盛夏夜凉如水,蝉声蛙声此起彼伏,蒲扇慢慢摇着,仰躺在摇椅上,抬头就是满天星空,错落闪耀,大珠小珠落墨盘,偶尔月明星稀,云色淡淡。
风里吹来枣叶竹叶的清香,那时枣儿已经大致成熟了,偶尔会爬上树,摘着个把,用手擦擦,轻轻一咬,枣儿清脆的一声,就裂开了,清甜清甜的。枣儿胖鼓鼓的,那些大大的,肚儿颜色越泛白的,最是清脆香甜。

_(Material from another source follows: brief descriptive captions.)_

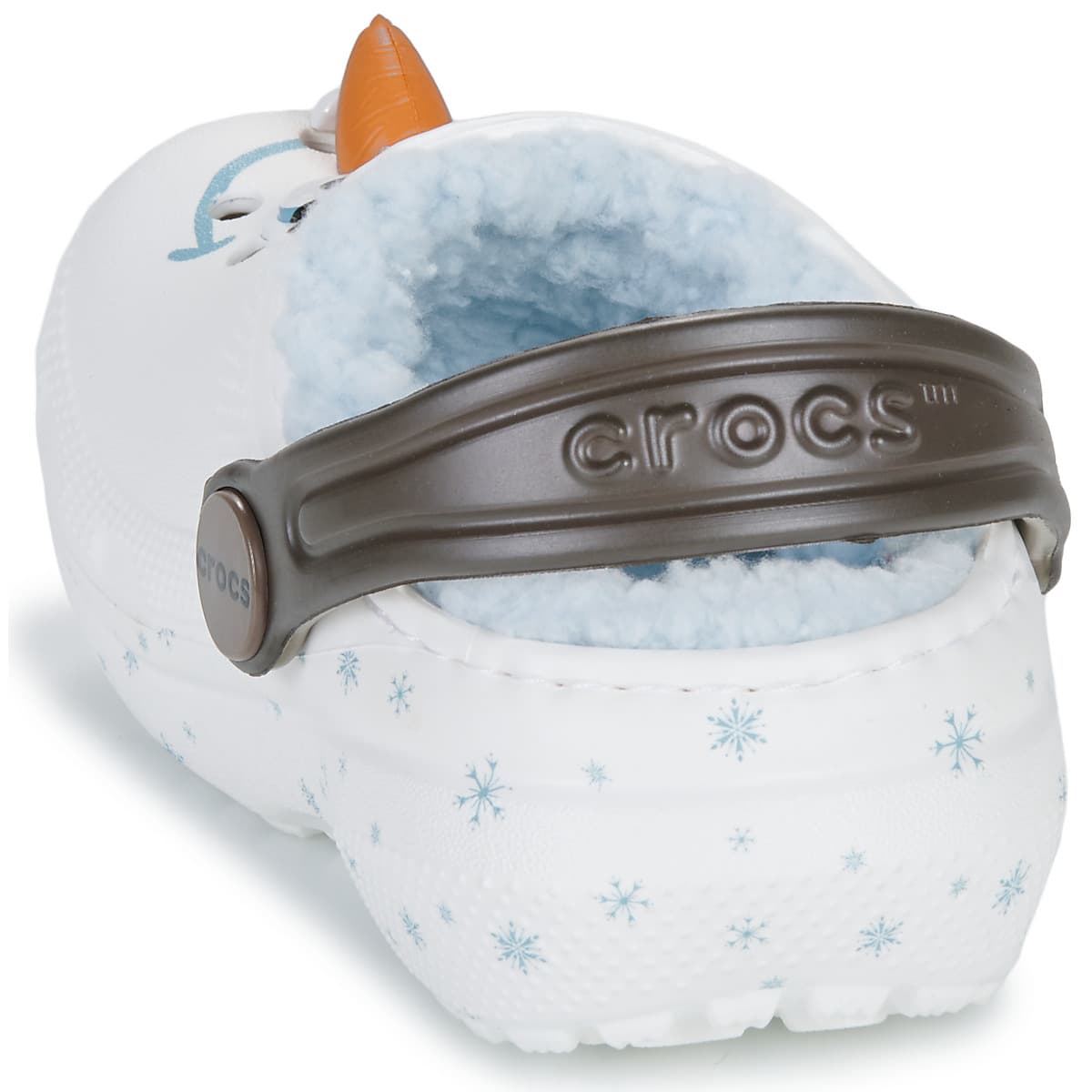 Girls' Slippers Crocs White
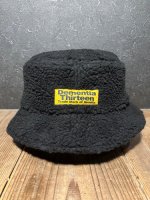画像2: D-13 BOA BUCKET HAT (ブラック) (2)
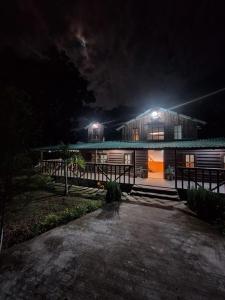 Cabin with Jacuzzi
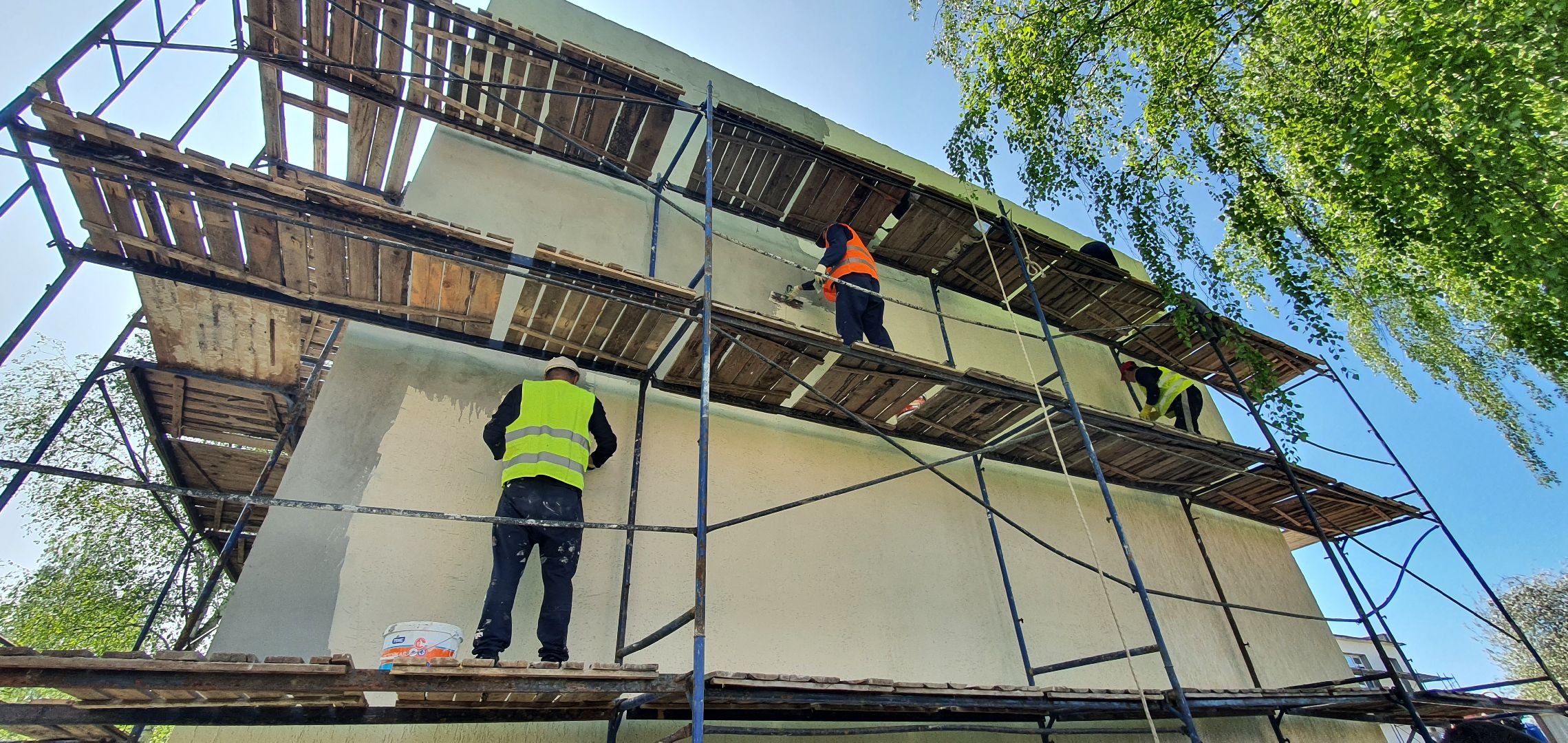 Ильинская школа, ремонт, Домодедово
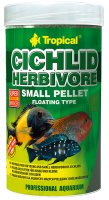 TROPICAL CICHLID HERBIVORE SMALL PELLET 250ML/90G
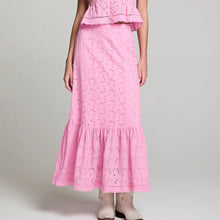  TATUMN EYELET MAXI SKIRT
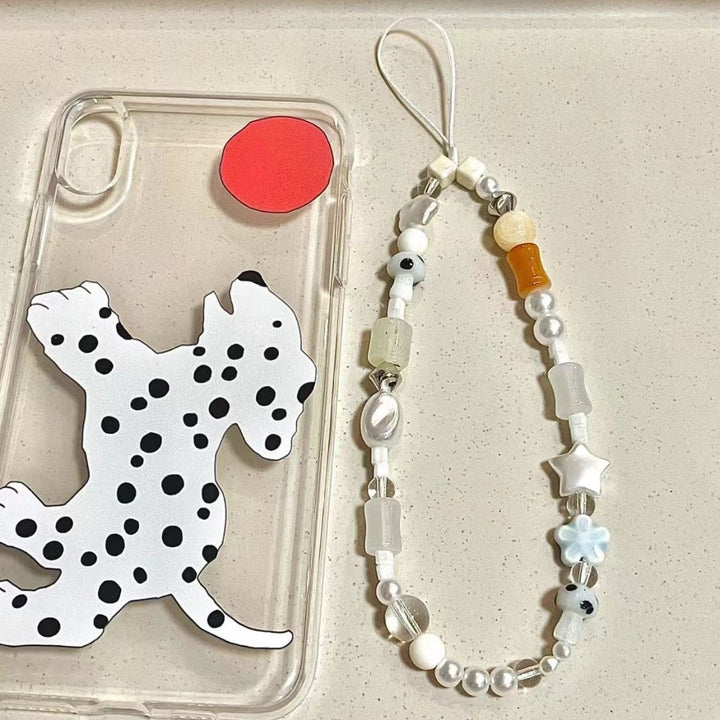 Decorative Beaded Phone Strap Kalsten 1790135355
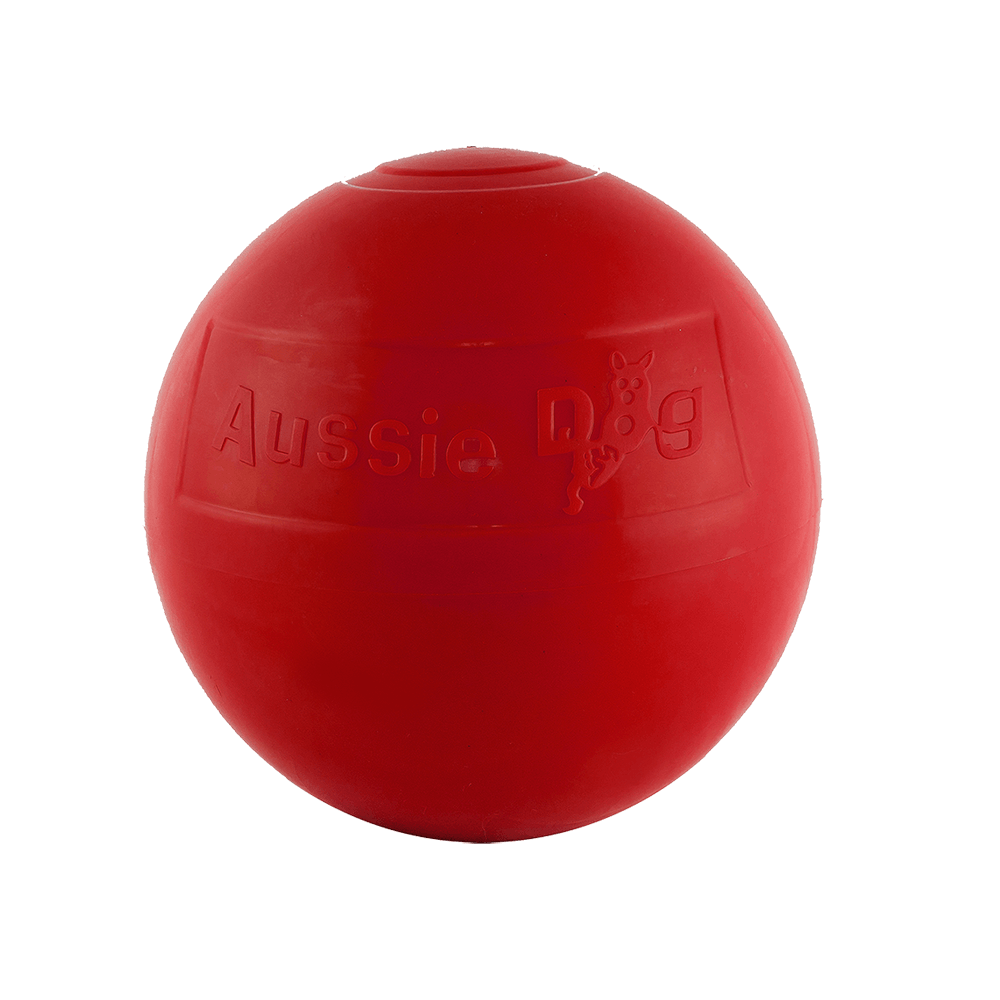 Aussie Dog Enduro Ball Medium (122816000345) [Red]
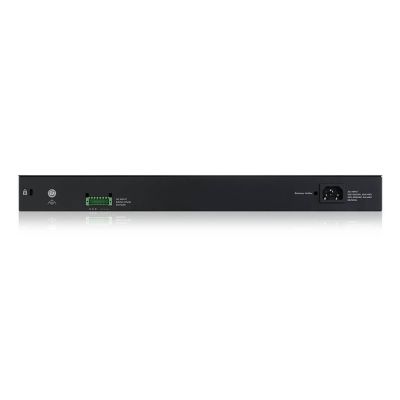 4. Zyxel XMG2230-28HP Switch, 28 Ports, PoE (PoE++: 24), 700 W, Managed Multigigabit/10G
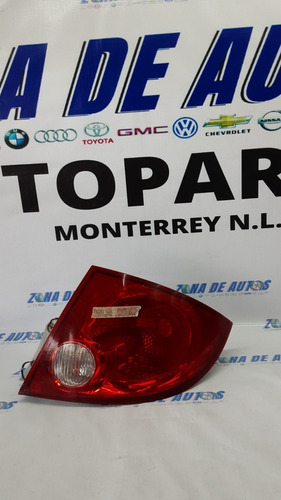 Calavera Derecha Pontiac G4 2005 2006 Marca Gm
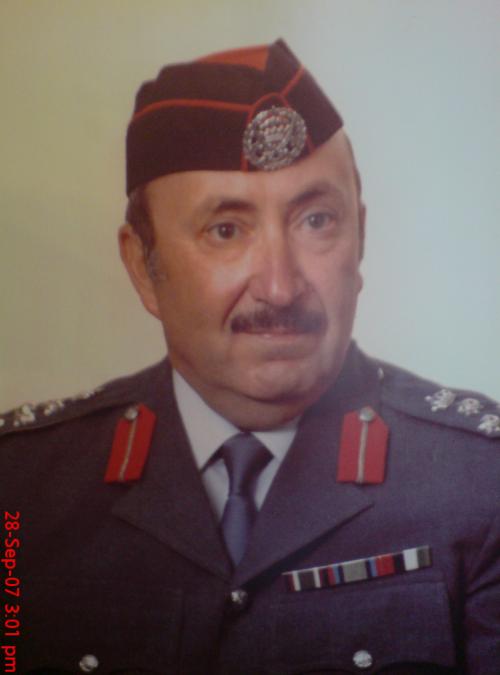الذكرى السادسه لرحيل العميد مروان الجندي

后来在隆冬时,去过漠河。冬夜泠冽时,也曾出门去寻静默的星空。万籁俱寂,村落里传来的声音如同在另一个空间盒子里,只有鞋子和雪上擦啦的声音和着头顶的星光相伴而走。
仰头望去,深邃的夜空像是破布袋漏了星点,散散落落的,呼吸的气息绕成团团的白气,散开来,我们久久不愿离去。然而却也比不上漏在枣叶间的星星闪亮。
枣树活的年岁很久了,在小时的记忆里已是枝繁叶茂的模样。
爷爷说,家里种各种的果树,你去哪都想回来吃啊。
后来,枣树只剩下一个光秃秃的大树墩,偶尔会坐在上面歇息。
后来树根也没了。
有时,站在城市天桥上,周边是亮得刺眼的霓虹阑珊,恍惚间,看着桥下的车辆像是被追赶的饿狼,从桥后驰骋而来,又往桥前飞驰而去。
恰如时光,身后是裹卷而来铺天盖地的过去,面前是汹涌而去微昭迢迢的远方。